Liputan6.com, Cilegon Kementerian Pertanian (Kementan) melalui Badan Karantina Cilegon, mendeteksi penyakit Zoonosis Brucellisis SP yang menyerang satu ekor sapi lokal. Pemeriksaan dilakukan melalui uji laboratorium Rose Bengal Test (RBT) dan Complement Fixation Test (CFT).
"Sapi itu langsung kami potong bersyarat. Pemotongan dilakukan secara hati-hati dengan memperhatikan berbagai faktor, seperti kemungkinan tercemarnya lingkungan,"Â ujar Kepala Badan Karantina Pertanian, Kementerian Pertanian Ali Jamil, Selasa (12/2/2019).
Ia mengatakan, kehati-hatian dalam pemotongan wajib dilakukan untuk mencegah adanya cairan exudat dan sarang-sarang nekrose pada organ-organ viseral. Dalam keadaan seperti itu, seluruh organ visceral limfoglandula dan tulang harus dimusnahkan.
Advertisement
"Sedangkan bagian daging boleh dikonsumsi setelah dilakukan pelayuan selama kurang lebih sembilan jam. Baru kemudian dimasak," ucap Ali.
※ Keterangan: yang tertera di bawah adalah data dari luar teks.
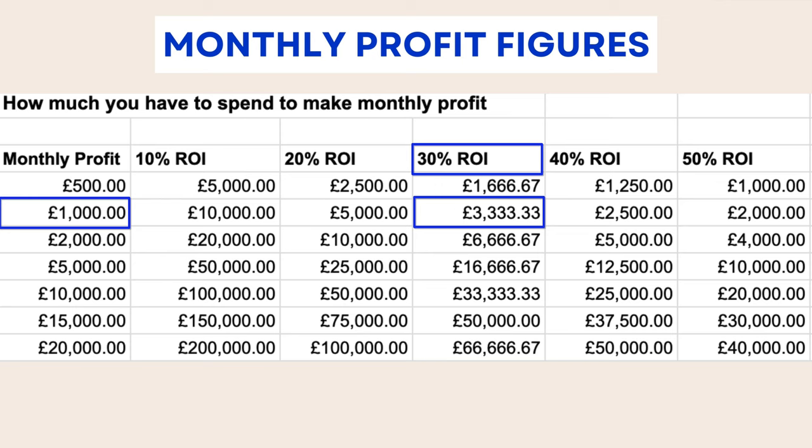We can control what deals we buy, and that leads to the ROI. So we'll pass up on the 20% and 25% ROI deals — we're only going to look for 30% ROI deals. We also know we need to spend £3,333 per month, and that will translate — assuming you can sell all your stock in one month — to about £1,000 profit. I've created this chart for various examples, from £500 profit all the way up to £20,000, and ROIs from 10% up to 50%. You guys can screen-capture this — it'll be very useful just to see roughly what you need to spend to make certain amounts of money.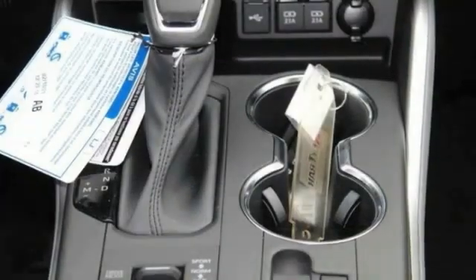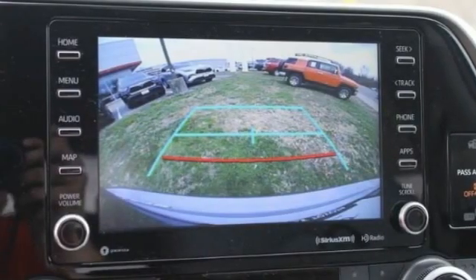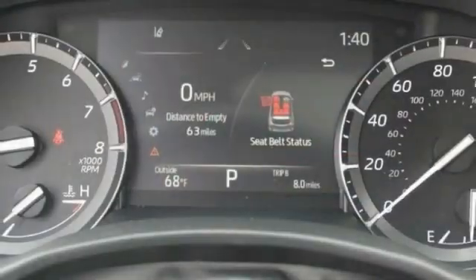This vehicle has less than 100 miles. Here are some of this vehicle's great options: tire pressure monitor, blind spot monitor, all-wheel drive, heated mirrors, aluminum wheels.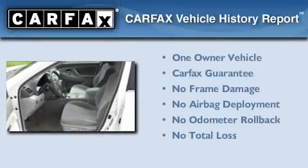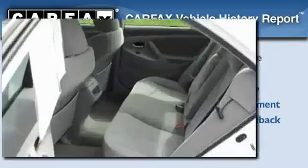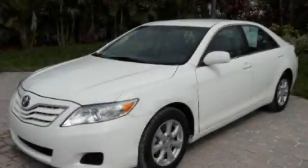This sedan has had only one owner and it qualifies for the Carfax buyback guarantee. Please call today to reserve this vehicle for a test drive.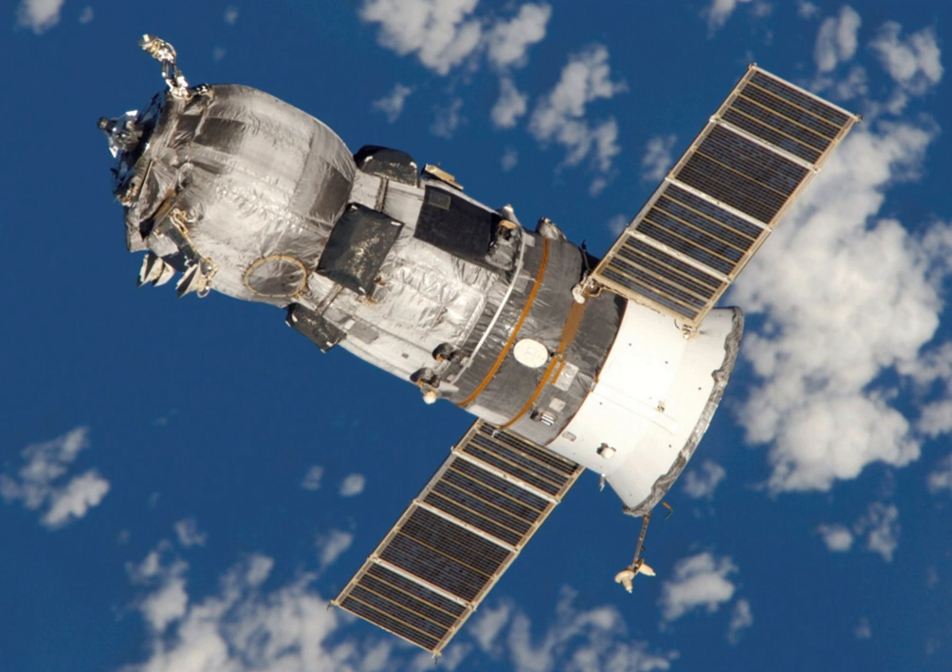The Automated Rendezvous and Proximity Operations system — the ARPO system — is designed to take the ARCTUS vehicle from the ISS stay-out zone to the ISS capture box.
Secara singkat, penyakit Brucellosis adalah penyakit bakterial yang menginfeksi sapi, kerbau, kambing, domba, dan babi. Namun di Indonesia, Brucellosis paling umum ditemukan pada ternak sapi dan sering dikenal sebagai penyakit Keluron Menular.
Ali menjelaskan, penyakit tersebut bersifat zoonosis yang dikenal sebagai undulant fever karena menyebabkan demam yang naik-turun. Brucellisis juga bisa menyebabkan hewan betina mengakami aborsi dan retensi plasenta, sedangkan dampak lain pada binatang jantan adalah menyebabkan orchitis dan infeksi kelenjar asesorius.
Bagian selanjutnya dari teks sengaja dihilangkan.